GPS is considered a gold standard in transportation research, as it passively collects route trajectories and spatial location (although positional readings may be off by a couple metres) without having to rely on travel diaries, which are time-intensive to conduct and rely on participant memory/willingness to participate. Through our partnership, our lab has access to virtually every GPS route made by a SoBi user since the program’s inception back in 2015. Of course, routes are fully anonymized so we can’t see who made the trip – that would be creepy! This gives us a wealth of information, as over one million trips have been conducted using these bikes. Therefore, this data can be used as a basis to examine active transportation problems within the SoBi service area of Hamilton.

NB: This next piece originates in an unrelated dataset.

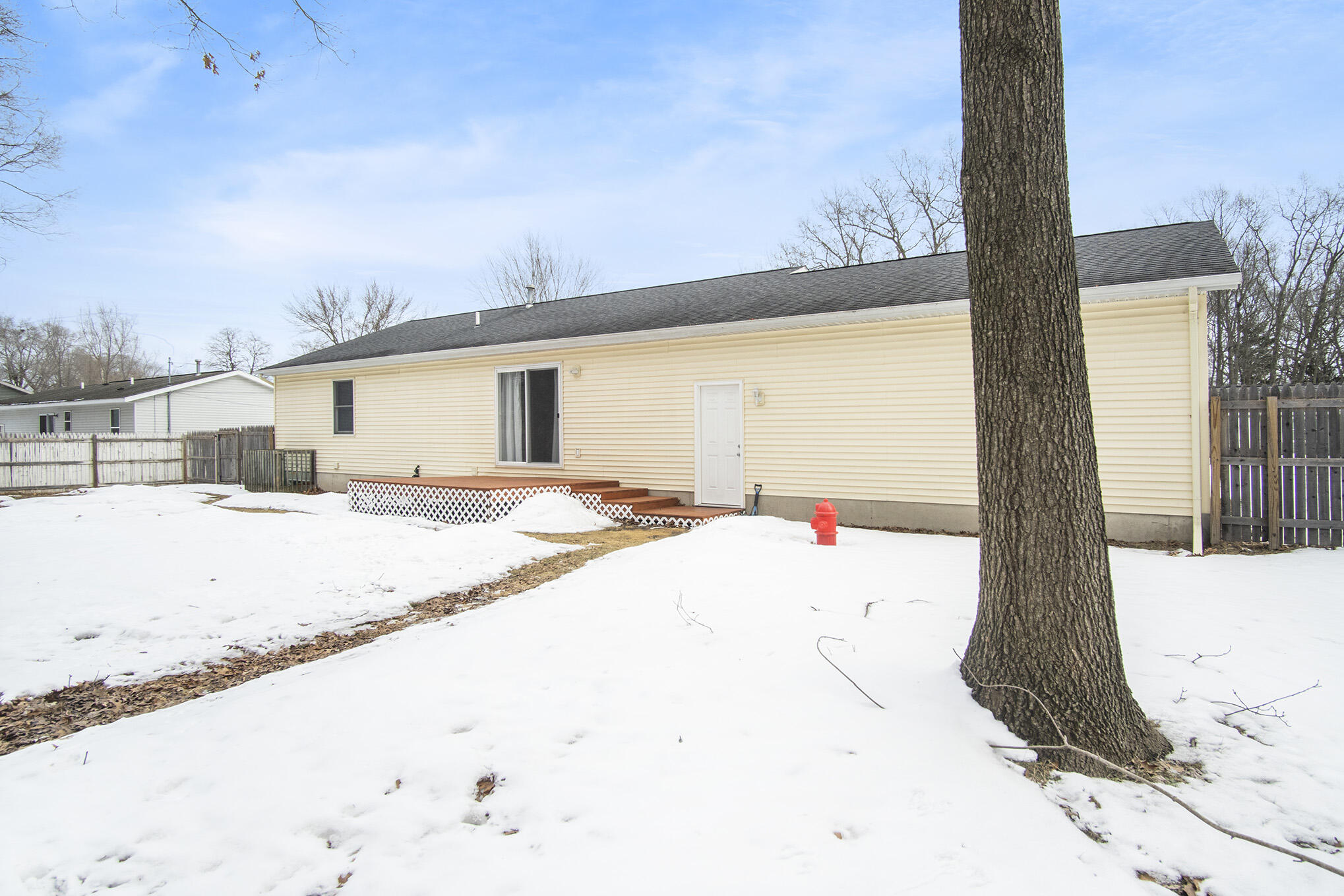 1605 Joslyn Road Muskegon, MI 49445 - Photo 23 of 26 DSC08286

So, how do we make use of the data? The original trip data is not in a particularly useful format – it’s basically just a table with start/end times, coordinates, trip durations, and some other minor variables. There are also the raw GPX files that contain nothing more than a point ID and some coordinates. The first thing to do is process the data with python to convert .GPX trip files to a .CSV to make it into a more workable format. Then the .CSV file is brought into RStudio (a development environment for the R statistical language used for data analysis and manipulation) and enriched using data from the trip table. This gives each GPS point an exact time when it was recorded, allowing the full route to be ascertained. At this point, the data is brought into a comprehensive tool called the GIS-based Episode Reconstruction Toolkit (GERT), which was created by a former lab member, Dr. Ron Dalumpines. This tool was built using ArcPy and features multiple stages with modules for processing GPS data. The first module used is for GPS Preprocessing. This module takes in raw GPS data and uses data cleaning procedures to remove invalid points. Invalid points are those that contain identical GPS coordinates within a trip, and outliers (e.g. points that have speeds greater than 50m/s).
The next step is to bring the data into the GPS Trip Segment Extraction Module (TGEM). This module takes the sequences of GPS points that comprise a unique travel episode using the start and end times of each point. The resulting GPS trajectory is then exported as a unique shapefile.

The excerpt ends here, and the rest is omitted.